React UI vs statefulness

It seems almost dated now, but there was a time where everything was described in terms of the distinction between Models, Views and Controllers (or View Models, or Presenters, etc). In this classification, a View’s task is to render and deal with user interaction, and a Controller’s is to prepare data.

A recent trend in React is towards functional stateless components. These simplest “pure” components only ever transform their props into HTML and call callback props on user interaction:

They are functional because you can really think of them as functions. If your entire view tree consisted of them you are really talking about one big function to produce HTML composed of calls to many smaller ones.

A nice property of functional stateless components is that they are super-easy to test, and simple to understand. This means they are easier to develop and quicker to debug.

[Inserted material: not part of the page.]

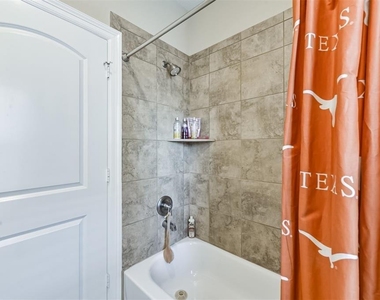 1130 Hempstead Villa Lane - Photo Thumbnail 38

But you can’t always get away with this. UI does need state. For instance, your menu may need to open when the user hovers over it (ugh, I hope not!)—and the way to do this in React is certainly by using state. To use state, you use class-based components.

Where things get complicated is wiring the “global state” of your UI into the view tree.

Global State

Global state in your UI is the state that isn’t directly and uniquely relevant to a single component. It typically consists of two main types of things:

1. The data in your application that has come from some server. Typically the data is used in multiple places and so is not unique to a single component.

2. Global UI state, (like the URL, and thus which page the user is looking at).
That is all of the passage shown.